** TASK STATEMENT **
Leave out the pictures and reproduce all of the data exactly.

** RAW DATA **
=====
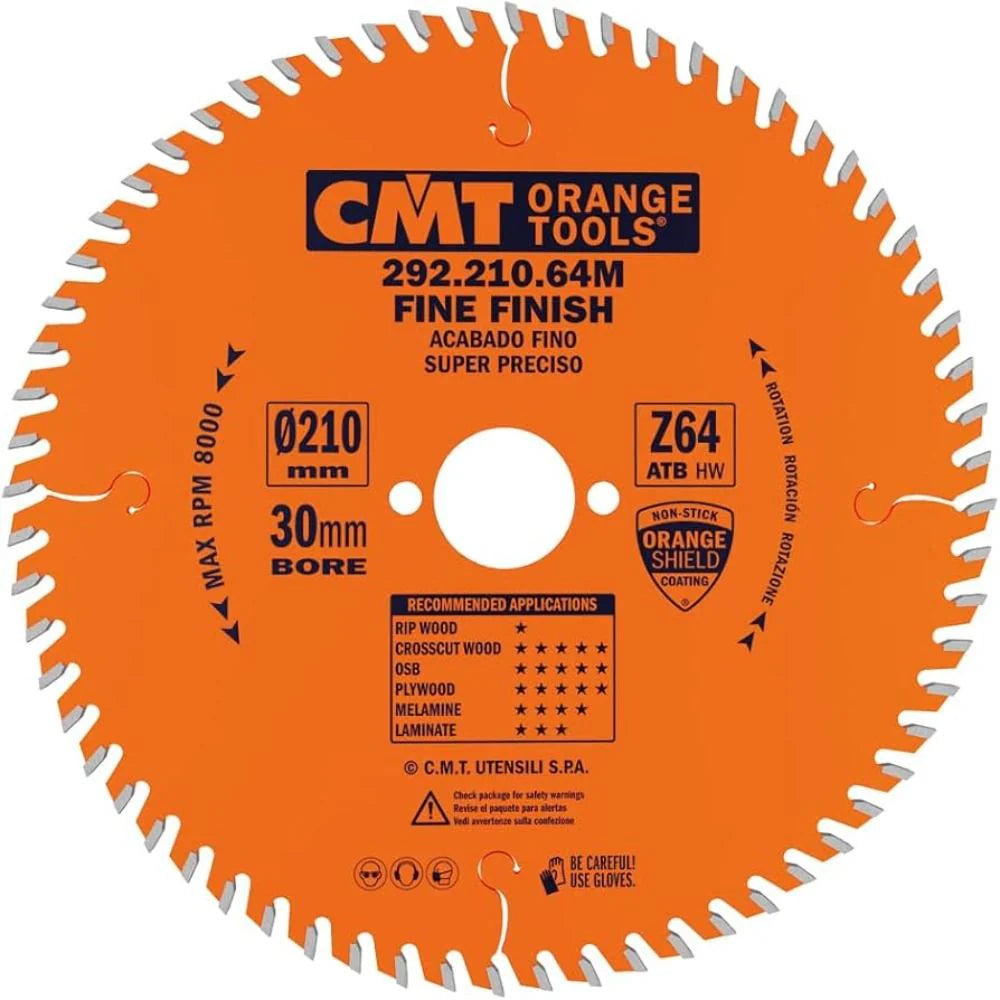 CMT 292.210.64M General Purpose Blade (compatible w/ Festool ) - 210mm Ø | 64 Teeth | 30mm Arbor | 15° Hook Angle | 15° Alternate Top Bevel (ATB) Grind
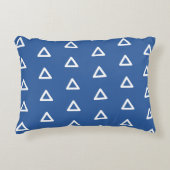 モダン三角形パターエレガントントレンディー王室の青 アクセントクッション (正面)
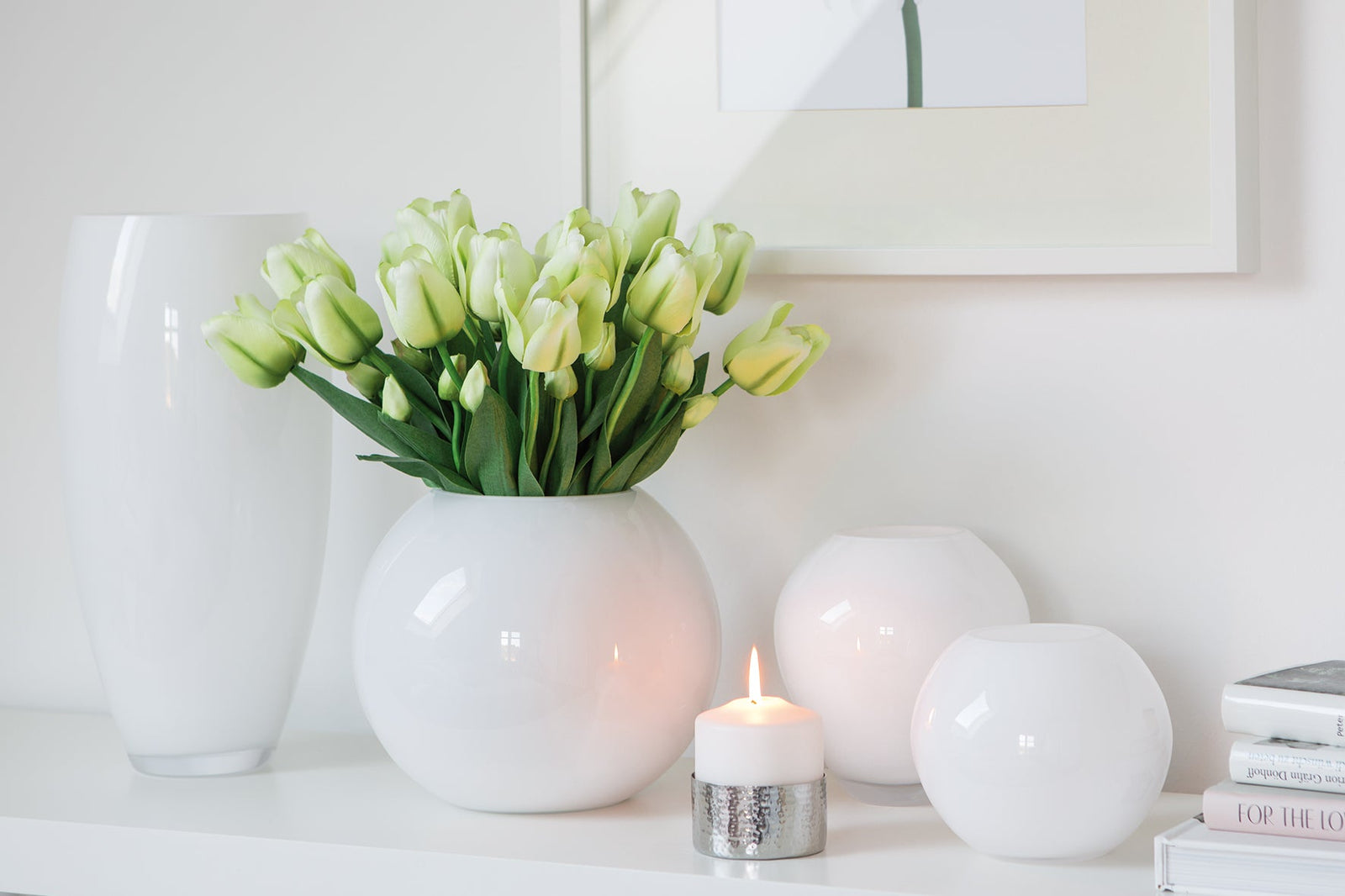 FINK - 115279 - MOON - Glas Vase, Opalglas weiss 25cm, Fink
=====
** FINAL ANSWER **
 CMT 292.210.64M General Purpose Blade (compatible w/ Festool ) - 210mm Ø | 64 Teeth | 30mm Arbor | 15° Hook Angle | 15° Alternate Top Bevel (ATB) Grind
 モダン三角形パターエレガントントレンディー王室の青 アクセントクッション (正面)
 FINK - 115279 - MOON - Glas Vase, Opalglas weiss 25cm, Fink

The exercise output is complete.